WHAT IS BEING ASKED — Repeat exactly what appears from the opening line of the listing to the line with "Cancer tests 200x200", inclusive.

THE INPUT —

:::

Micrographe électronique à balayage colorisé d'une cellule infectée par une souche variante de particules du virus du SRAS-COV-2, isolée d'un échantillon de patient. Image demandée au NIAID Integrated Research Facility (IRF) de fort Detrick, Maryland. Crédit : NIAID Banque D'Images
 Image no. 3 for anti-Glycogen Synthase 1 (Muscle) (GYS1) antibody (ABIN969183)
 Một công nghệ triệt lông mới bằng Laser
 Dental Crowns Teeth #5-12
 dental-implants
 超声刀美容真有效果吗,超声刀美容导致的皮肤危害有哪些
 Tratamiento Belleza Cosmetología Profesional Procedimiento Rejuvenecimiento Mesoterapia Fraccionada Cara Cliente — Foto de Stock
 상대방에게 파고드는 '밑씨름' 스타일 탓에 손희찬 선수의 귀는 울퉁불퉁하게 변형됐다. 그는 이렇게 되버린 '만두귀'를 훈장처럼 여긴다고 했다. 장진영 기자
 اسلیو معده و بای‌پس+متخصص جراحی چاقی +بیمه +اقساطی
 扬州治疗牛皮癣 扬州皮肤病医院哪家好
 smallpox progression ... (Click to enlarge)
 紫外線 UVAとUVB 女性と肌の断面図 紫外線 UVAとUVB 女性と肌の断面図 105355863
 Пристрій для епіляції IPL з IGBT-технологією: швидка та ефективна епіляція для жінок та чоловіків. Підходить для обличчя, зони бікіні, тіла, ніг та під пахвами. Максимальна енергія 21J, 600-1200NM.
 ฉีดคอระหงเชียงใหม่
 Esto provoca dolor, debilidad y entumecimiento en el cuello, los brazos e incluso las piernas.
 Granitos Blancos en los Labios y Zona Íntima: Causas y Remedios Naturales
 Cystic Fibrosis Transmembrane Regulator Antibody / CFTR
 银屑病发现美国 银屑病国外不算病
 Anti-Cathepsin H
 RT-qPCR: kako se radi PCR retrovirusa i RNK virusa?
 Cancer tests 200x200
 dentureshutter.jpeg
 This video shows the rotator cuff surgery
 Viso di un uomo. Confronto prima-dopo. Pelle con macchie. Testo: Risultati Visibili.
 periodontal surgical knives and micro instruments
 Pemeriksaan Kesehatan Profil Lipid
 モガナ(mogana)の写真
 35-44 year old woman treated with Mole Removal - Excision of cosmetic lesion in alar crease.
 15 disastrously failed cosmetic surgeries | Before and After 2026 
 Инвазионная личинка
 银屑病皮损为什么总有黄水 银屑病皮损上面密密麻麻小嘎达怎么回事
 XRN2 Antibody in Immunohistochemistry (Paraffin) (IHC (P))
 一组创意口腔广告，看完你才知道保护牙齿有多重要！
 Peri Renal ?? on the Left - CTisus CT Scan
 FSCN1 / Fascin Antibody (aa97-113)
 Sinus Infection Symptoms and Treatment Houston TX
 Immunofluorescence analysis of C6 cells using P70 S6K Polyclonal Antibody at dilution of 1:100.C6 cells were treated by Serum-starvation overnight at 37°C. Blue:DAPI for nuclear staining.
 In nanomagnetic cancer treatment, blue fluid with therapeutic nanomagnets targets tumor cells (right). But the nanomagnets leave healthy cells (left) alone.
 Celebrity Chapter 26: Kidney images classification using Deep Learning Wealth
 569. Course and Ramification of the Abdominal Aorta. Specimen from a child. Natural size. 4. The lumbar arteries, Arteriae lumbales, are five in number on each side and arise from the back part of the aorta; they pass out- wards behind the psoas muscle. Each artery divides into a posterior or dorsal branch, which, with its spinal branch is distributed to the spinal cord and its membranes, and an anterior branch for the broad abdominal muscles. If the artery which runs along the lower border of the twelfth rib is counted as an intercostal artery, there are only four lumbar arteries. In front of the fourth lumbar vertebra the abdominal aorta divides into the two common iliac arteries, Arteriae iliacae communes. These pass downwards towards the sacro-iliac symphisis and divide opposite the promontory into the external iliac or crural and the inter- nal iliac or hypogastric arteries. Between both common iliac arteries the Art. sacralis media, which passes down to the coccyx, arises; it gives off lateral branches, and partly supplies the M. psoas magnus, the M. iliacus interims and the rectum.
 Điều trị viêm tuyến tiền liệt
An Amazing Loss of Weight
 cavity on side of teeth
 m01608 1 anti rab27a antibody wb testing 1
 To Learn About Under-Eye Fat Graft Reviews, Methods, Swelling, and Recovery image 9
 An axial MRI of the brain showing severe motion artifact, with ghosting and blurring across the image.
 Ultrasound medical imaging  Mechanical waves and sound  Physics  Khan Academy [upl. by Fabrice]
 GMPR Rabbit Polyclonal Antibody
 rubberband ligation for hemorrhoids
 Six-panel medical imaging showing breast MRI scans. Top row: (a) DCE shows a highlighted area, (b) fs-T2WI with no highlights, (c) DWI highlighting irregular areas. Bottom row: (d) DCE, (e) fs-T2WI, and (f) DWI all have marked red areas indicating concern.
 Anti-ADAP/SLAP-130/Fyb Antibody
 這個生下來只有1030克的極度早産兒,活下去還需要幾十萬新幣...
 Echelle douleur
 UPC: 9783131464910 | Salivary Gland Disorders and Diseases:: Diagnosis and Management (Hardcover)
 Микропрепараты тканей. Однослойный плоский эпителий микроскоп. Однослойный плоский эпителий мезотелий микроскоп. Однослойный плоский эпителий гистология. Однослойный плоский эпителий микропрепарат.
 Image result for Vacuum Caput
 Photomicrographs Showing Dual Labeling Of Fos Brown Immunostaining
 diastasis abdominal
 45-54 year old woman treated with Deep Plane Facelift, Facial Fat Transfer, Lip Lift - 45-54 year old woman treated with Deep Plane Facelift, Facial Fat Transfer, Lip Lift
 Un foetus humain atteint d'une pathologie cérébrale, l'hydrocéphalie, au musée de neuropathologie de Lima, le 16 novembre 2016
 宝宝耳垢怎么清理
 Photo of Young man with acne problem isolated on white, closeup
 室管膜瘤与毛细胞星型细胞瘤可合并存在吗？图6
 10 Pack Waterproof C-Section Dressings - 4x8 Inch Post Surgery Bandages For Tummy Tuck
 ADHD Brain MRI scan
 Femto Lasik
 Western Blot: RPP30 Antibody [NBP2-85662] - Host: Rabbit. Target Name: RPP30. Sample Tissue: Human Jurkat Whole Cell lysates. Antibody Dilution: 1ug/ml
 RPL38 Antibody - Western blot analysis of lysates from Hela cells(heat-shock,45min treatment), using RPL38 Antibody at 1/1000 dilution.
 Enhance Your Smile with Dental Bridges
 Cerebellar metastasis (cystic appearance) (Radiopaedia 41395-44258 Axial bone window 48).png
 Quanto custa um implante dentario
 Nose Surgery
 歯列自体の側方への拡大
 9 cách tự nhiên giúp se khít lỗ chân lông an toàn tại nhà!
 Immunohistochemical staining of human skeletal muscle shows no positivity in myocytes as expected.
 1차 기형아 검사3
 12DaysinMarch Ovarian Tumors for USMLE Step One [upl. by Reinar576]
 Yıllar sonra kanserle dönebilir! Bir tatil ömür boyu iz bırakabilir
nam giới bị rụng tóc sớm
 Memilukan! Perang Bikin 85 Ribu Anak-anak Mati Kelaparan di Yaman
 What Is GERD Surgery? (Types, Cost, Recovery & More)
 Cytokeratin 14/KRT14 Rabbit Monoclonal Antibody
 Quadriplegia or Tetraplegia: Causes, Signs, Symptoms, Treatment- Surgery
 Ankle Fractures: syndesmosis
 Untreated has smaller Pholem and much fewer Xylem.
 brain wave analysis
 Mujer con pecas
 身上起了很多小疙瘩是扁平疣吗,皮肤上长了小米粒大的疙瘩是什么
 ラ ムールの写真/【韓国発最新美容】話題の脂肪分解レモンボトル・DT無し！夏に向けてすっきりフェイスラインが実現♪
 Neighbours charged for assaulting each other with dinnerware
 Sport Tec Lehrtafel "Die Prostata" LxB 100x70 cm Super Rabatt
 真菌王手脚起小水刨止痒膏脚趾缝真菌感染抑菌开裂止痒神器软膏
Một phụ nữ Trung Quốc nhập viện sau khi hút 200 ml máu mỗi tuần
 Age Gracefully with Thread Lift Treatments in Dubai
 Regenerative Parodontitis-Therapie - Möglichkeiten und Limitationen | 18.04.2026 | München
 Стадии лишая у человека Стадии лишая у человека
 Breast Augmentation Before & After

:::

ANSWER SECTION —
Micrographe électronique à balayage colorisé d'une cellule infectée par une souche variante de particules du virus du SRAS-COV-2, isolée d'un échantillon de patient. Image demandée au NIAID Integrated Research Facility (IRF) de fort Detrick, Maryland. Crédit : NIAID Banque D'Images
 Image no. 3 for anti-Glycogen Synthase 1 (Muscle) (GYS1) antibody (ABIN969183)
 Một công nghệ triệt lông mới bằng Laser
 Dental Crowns Teeth #5-12
 dental-implants
 超声刀美容真有效果吗,超声刀美容导致的皮肤危害有哪些
 Tratamiento Belleza Cosmetología Profesional Procedimiento Rejuvenecimiento Mesoterapia Fraccionada Cara Cliente — Foto de Stock
 상대방에게 파고드는 '밑씨름' 스타일 탓에 손희찬 선수의 귀는 울퉁불퉁하게 변형됐다. 그는 이렇게 되버린 '만두귀'를 훈장처럼 여긴다고 했다. 장진영 기자
 اسلیو معده و بای‌پس+متخصص جراحی چاقی +بیمه +اقساطی
 扬州治疗牛皮癣 扬州皮肤病医院哪家好
 smallpox progression ... (Click to enlarge)
 紫外線 UVAとUVB 女性と肌の断面図 紫外線 UVAとUVB 女性と肌の断面図 105355863
 Пристрій для епіляції IPL з IGBT-технологією: швидка та ефективна епіляція для жінок та чоловіків. Підходить для обличчя, зони бікіні, тіла, ніг та під пахвами. Максимальна енергія 21J, 600-1200NM.
 ฉีดคอระหงเชียงใหม่
 Esto provoca dolor, debilidad y entumecimiento en el cuello, los brazos e incluso las piernas.
 Granitos Blancos en los Labios y Zona Íntima: Causas y Remedios Naturales
 Cystic Fibrosis Transmembrane Regulator Antibody / CFTR
 银屑病发现美国 银屑病国外不算病
 Anti-Cathepsin H
 RT-qPCR: kako se radi PCR retrovirusa i RNK virusa?
 Cancer tests 200x200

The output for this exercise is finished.